By the way, Mac users... it seems that Safari likes to rename these Rmd files by adding a .txt at the end of them. If this is happening to you, you will need to rename the file before you can use it - find it in the Files tab of R Studio, check the box next to the file, click Rename, and delete the .txt that was added. This seems to be something that Safari does but Chrome and Firefox do not, so if you're comfortable using one of those browsers you can avoid the issue.
R's general linear model function is lm(). It is sophisticated enough to dummy-code our categorical variables for us, and once you understand how a GLM is working we will let it do that work for us. To help you learn how the GLM works we will do some dummy coding by hand, and then see how using dummy coded variables in a regression model allows us to ask exactly the same question we would ask if we used an ANOVA on group means.
First analysis: two host species
Recall from lecture that when there are only two groups, we need only a single numeric dummy variable. The dummy variable is assigned either a 1 or a 0 depending on the factor level, and then that numeric dummy variable is used as our predictor in a simple linear regression. The results of this analysis should be identical to the results of an ANOVA comparing the two group means. We will demonstrate this with just two host species, European wrens and tree pipits, first.

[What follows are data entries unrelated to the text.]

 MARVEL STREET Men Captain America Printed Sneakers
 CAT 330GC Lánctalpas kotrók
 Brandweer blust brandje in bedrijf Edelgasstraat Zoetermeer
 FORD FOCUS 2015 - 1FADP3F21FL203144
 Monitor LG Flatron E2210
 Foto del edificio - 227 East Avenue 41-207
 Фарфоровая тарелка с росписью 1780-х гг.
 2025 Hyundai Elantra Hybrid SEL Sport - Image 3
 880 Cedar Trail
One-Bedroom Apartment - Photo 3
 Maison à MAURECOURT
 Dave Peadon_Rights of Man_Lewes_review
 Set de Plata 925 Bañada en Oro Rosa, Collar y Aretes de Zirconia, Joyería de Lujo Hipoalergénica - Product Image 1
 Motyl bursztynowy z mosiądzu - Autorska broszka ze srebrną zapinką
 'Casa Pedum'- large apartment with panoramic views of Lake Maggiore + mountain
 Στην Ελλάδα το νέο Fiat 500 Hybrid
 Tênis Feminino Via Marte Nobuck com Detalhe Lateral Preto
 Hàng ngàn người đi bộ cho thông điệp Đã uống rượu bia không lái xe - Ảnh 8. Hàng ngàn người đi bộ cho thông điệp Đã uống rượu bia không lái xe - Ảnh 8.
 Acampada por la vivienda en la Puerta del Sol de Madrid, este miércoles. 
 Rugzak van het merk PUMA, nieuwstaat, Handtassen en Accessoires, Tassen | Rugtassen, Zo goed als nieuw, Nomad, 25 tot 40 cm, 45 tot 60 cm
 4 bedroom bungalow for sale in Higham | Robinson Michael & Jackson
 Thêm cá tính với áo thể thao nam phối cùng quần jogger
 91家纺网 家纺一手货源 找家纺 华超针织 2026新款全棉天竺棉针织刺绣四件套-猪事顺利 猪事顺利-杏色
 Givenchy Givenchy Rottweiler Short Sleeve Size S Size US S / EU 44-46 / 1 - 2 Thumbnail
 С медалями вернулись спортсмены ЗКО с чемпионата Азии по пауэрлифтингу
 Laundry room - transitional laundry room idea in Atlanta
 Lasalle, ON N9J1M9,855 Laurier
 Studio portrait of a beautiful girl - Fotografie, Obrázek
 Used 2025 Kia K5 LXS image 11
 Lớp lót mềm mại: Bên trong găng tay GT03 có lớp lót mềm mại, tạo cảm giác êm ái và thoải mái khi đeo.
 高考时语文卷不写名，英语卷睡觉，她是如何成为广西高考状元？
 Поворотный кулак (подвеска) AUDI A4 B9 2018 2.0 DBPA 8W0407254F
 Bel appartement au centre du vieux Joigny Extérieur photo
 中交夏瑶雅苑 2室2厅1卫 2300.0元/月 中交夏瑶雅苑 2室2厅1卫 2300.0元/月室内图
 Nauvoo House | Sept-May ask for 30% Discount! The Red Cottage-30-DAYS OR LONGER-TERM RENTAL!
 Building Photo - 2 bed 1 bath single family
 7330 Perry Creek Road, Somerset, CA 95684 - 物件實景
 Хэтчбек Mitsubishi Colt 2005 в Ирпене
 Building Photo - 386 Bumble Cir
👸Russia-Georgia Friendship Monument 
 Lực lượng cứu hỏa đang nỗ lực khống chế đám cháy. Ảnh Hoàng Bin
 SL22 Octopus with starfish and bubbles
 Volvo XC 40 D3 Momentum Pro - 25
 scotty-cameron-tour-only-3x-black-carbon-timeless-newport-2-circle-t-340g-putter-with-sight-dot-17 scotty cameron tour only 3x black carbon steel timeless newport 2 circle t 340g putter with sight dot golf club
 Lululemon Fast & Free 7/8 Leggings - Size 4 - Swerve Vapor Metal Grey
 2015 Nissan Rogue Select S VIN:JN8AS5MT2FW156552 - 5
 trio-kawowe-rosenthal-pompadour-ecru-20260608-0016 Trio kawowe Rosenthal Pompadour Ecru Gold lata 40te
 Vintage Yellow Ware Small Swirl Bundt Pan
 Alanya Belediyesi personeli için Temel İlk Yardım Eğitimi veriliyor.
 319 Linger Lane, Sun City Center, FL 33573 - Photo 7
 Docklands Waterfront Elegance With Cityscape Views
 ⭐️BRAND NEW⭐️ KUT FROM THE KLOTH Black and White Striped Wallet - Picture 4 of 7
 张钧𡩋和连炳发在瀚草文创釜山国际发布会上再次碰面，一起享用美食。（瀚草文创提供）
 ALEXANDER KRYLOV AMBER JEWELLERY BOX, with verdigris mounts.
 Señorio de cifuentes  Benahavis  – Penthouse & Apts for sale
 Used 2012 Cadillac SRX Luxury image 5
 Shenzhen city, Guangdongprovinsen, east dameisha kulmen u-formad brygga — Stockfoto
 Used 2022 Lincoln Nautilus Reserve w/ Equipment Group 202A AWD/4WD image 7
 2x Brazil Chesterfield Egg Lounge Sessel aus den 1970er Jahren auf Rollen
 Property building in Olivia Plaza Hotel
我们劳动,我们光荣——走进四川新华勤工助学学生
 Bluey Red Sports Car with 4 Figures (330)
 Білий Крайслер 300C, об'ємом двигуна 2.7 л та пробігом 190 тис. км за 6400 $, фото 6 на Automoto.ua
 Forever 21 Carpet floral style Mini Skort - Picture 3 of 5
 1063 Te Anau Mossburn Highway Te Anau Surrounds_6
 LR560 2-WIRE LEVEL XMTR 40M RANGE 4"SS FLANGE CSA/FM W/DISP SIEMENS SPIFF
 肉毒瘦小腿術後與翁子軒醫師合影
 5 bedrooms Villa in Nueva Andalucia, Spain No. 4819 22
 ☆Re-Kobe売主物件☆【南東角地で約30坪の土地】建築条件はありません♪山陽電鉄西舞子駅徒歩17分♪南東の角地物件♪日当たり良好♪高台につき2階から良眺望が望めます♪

A. Dummy coding the two species data
1. Import the "two_sp" Excel worksheet into R Studio, and call the R data set "twosp". You will see there are 15 measurements of cuckoo egg length for each of two host species, the wren and the tree pipit.
2. The first thing we need to do is to make a dummy-coded version of the Species column. Our dummy column will be named for one of the species - it doesn't matter which one we use, but R uses the level that is first alphabetically to be the 0 category, so we'll do the same by using Wren as the dummy variable name. The Wren column will have a 1 for rows in which "species" is Wren, and a 0 for any other species (with just two species it will have a 0 when species is Tree Pipit). First we will write a statement that evaluates if each row of the species column is "Wren", like so (in the console):
twosp$species == "Wren"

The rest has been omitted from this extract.